All my literate life, I have wanted, no, needed to write. It started with obssesive journaling, and led to making most of my personal decisions based on whether or not there might be an intersting story involved.
I was once a tour guide telling ghost stories (I also conducted purely historical tours) for 9 years, I only worked for tour operators who let me write my own 'scripts', these were basically retellings based on many older versions. I took them and twisted some of them not changing the crucial actions but rather interpreting the motivations, making the tourists empathize with the characters before they met their inevitable sad ends that turned them into ghosts...people really liked my tours. I loved it when people would cry, shed a tear for the dead. I don't do that job anymore.
It seems I can write a fairly wicked short story. I have a million ideas as I have been deliberately collecting inspiration here in my beloved New Orleans and other locations for many years. I have little murder stories, Voodoo stories, bar stories, travel adventure stories, disaster stories and love stories. I am a whore for the details.
I have also been bartending for over a decade, on and off. I am very approachable, and a good listener; people tell me their stories. I have plenty of my own, but I am continually studying, observing people and making up a story, seeing them as characters even if we don't meet or speak.
This is not how the erotica started. I have always liked sex. A lot. A few years back I had a lover who was a professional writer and a bit of a sadist. He adored my writing and to entertain him I would send him tons of short stories. I found his attention very inspiring, especially when it came to writing out sexy scenes.
Alas, our fairytale, happily ever after, was not to be.
This may sound like a copout, but it seems the quality of my erotic writing is related to whether or not I have a very sexy, sadistic man in my life. Thank goodness this is not a factor with my non-erotic attempts at writing.
I have not had much schooling; but I have decent intuition. Somehow I stumbled on this site; I didn't know I would find such a cool writing class. I liked the assignments in level one, taking a bit of suggestion and running with it was fairly easy for me.

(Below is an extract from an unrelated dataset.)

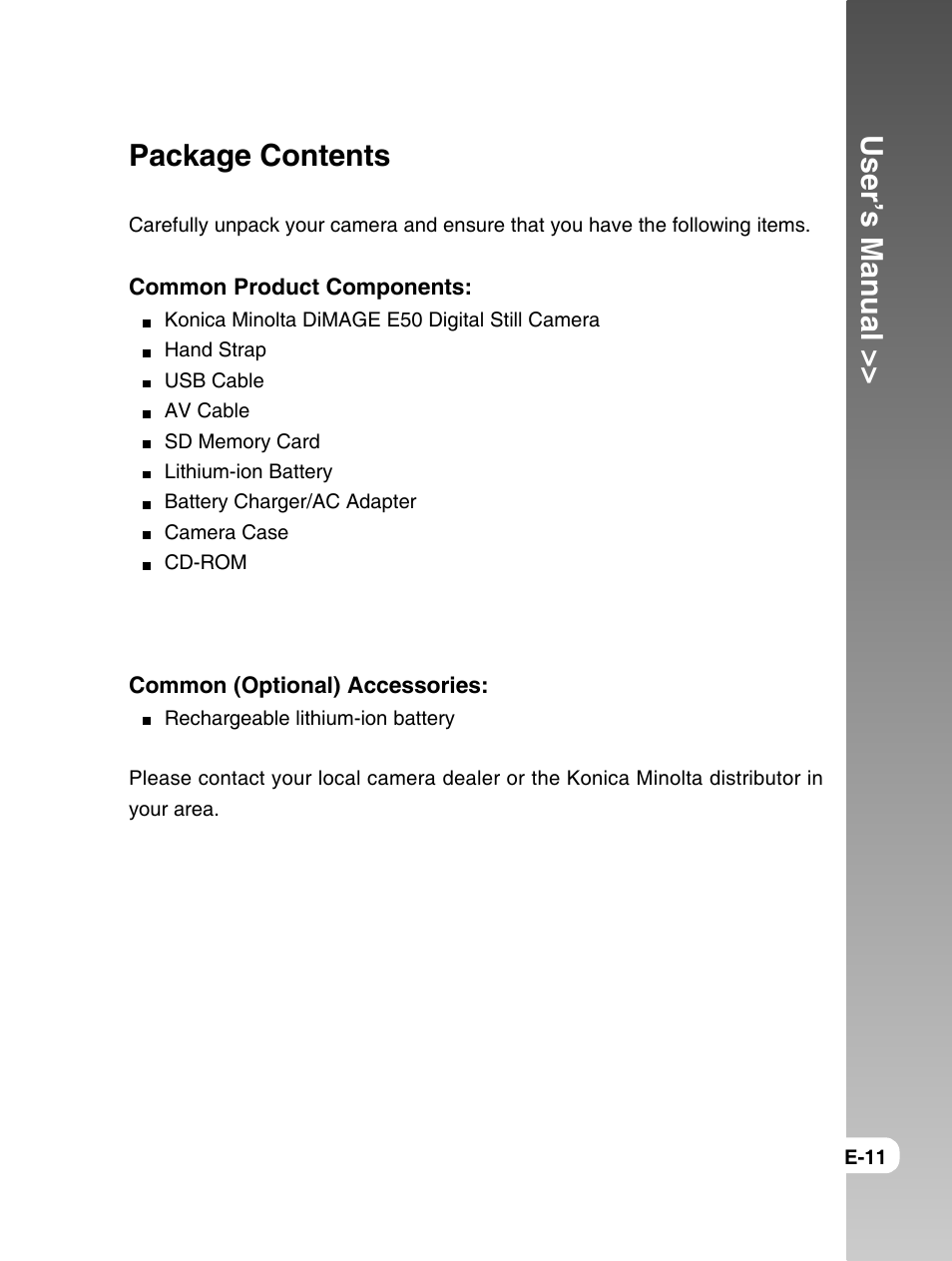 User’s manual, Package contents | Konica Minolta E50 User Manual | Page 11 / 75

All it took was a sentence and I could easily get going. Level two was harder, the 'write whatever you want' assignments, well, I wanted to write something juicy, not just get through the assignment.
Outlines are something I feel I need but have not been able to grasp and use, but I want to. I have plenty of short stories and scenes and I want to be able to make them into a longer work. It helps when a character or two are really strong for the story to take it's own form around them. The writing just flows. If it isn't (I got all blocked up for a while in level two) I make myself write anyway.
How do I put a story together? I take everything I know, I sit down. and it flows. If it is an assignment, I just make myself do it, over and over, badly, until something better flows.
I have three abandoned, completely different attempts at my last assignment in level two which I think were just crap. Finally I decided to write something that might not have been very erotic but had been knawing at me...it is like the stories are using me sometimes to achieve existence. It turned out that I got some nice compliments on the last one and I was certain no one would like it.
Wow, I am really glad to be in this level; seems like I got here when things are getting pretty exciting. When I saw how many pages this thread was I got worried. I am happy it was mostly Mad Lews helping Tessa write.
Sadly, I could not read any of cariad's posts as the dark color of the back ground made it impossible. I really want to read her posts.